The traditional network perimeter, where everything inside the firewall was trusted and everything outside was not, has been functionally obsolete since the shift to cloud and remote work. Zero Trust is the architectural response to that reality. It is also increasingly a compliance requirement: NIST 800-207, CISA guidance, and a growing number of sector-specific frameworks either require or strongly align to Zero Trust principles. For organizations in government, healthcare, or financial services, Zero Trust architecture is becoming a baseline expectation rather than a differentiator.
  • Identity - Entra ID with Conditional Access, Identity Protection, and PIM as the primary enforcement layer
  • Devices - Intune device compliance as a signal in Conditional Access decisions
  • Applications - App-level Conditional Access policies and session controls
  • Data - Purview sensitivity labels and information protection as the data layer
  • Infrastructure - Azure Policy and Defender for Cloud extending Zero Trust to infrastructure resources
  • Networks - Entra Private Access and Internet Access for network-layer Zero Trust

At NBT, I designed Conditional Access frameworks for 25 client tenants, each built from a Zero Trust baseline: block legacy authentication, require compliant devices for corporate data access, enforce MFA through named locations and risk-based signals. Zero Trust in practice is not a project with a finish line. It is a set of architectural decisions made consistently across every identity, device, and data configuration decision.
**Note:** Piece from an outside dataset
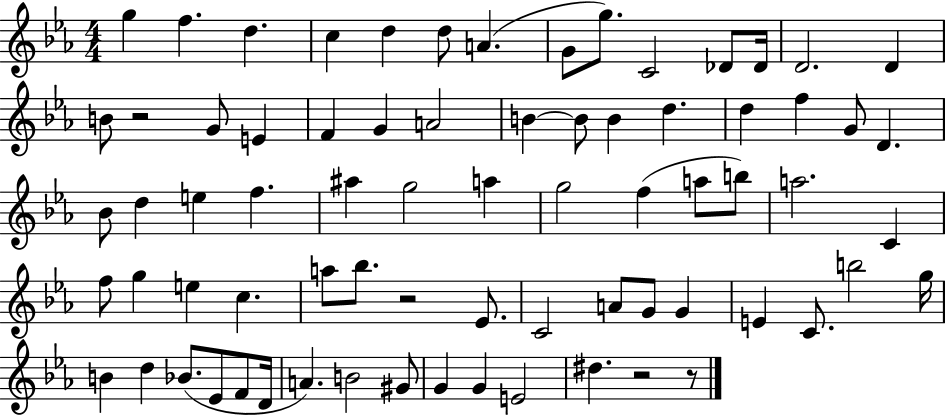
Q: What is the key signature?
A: EES major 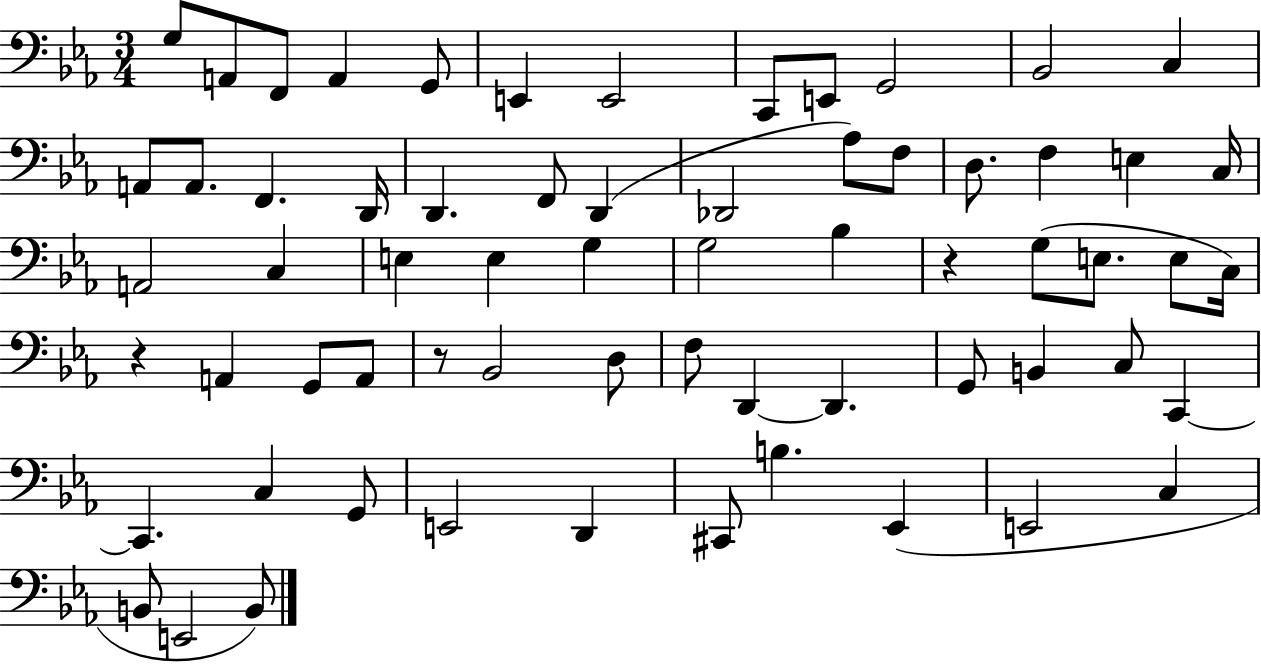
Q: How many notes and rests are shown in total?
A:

My Zero Trust work is primarily expressed through Conditional Access architecture, identity governance, and endpoint compliance rather than as a standalone project. That is how Zero Trust actually gets implemented in practice: not as a separate initiative but as a set of architectural decisions made consistently across the identity, device, and data layers of an existing environment.
At NBT, designing Conditional Access frameworks for 25 client tenants meant working from a Zero Trust baseline and adapting it to each organization's risk tolerance, compliance posture, and operational constraints. Some clients were ready for strict device compliance requirements; others needed a phased approach that moved toward Zero Trust over time without disrupting operations. The architectural work was translating the principle into configurations that would hold up in production without generating constant helpdesk friction.
M&A scenarios are among the higher-risk identity environments because they involve connecting formerly separate organizations with unknown security postures. At Latham Pool Products, there were three potential acquisitions. One was completed, a small organization, and the planning work included thinking through what cross-tenant access to allow and what to keep isolated during any integration period.
  • Conditional Access framework design across 25 tenants - Built and maintained Conditional Access policy sets aligned to Zero Trust principles for MSP clients, including risk-based authentication, device compliance enforcement, and location-based controls. Adapted the framework to each organization's risk profile and compliance requirements.
  • Device compliance integration with Intune - Configured Intune device compliance policies as Conditional Access signals, ensuring that access to M365 resources requires both verified identity and a compliant, managed device.
  • M&A integration planning at Latham Pool Products - Contributed to planning for three potential acquisitions, one of which was completed. Work included thinking through identity boundary decisions and what access to allow during any integration period.
  • Phased Zero Trust rollout planning - Developed staged implementation plans for organizations that could not absorb full Zero Trust controls immediately, sequencing changes to minimize operational disruption while moving security posture measurably forward at each phase.
  • Security baseline alignment - Implemented Microsoft security baselines and Zero Trust frameworks aligned with Microsoft's documented best practices and NIST 800-207 principles across multiple client environments.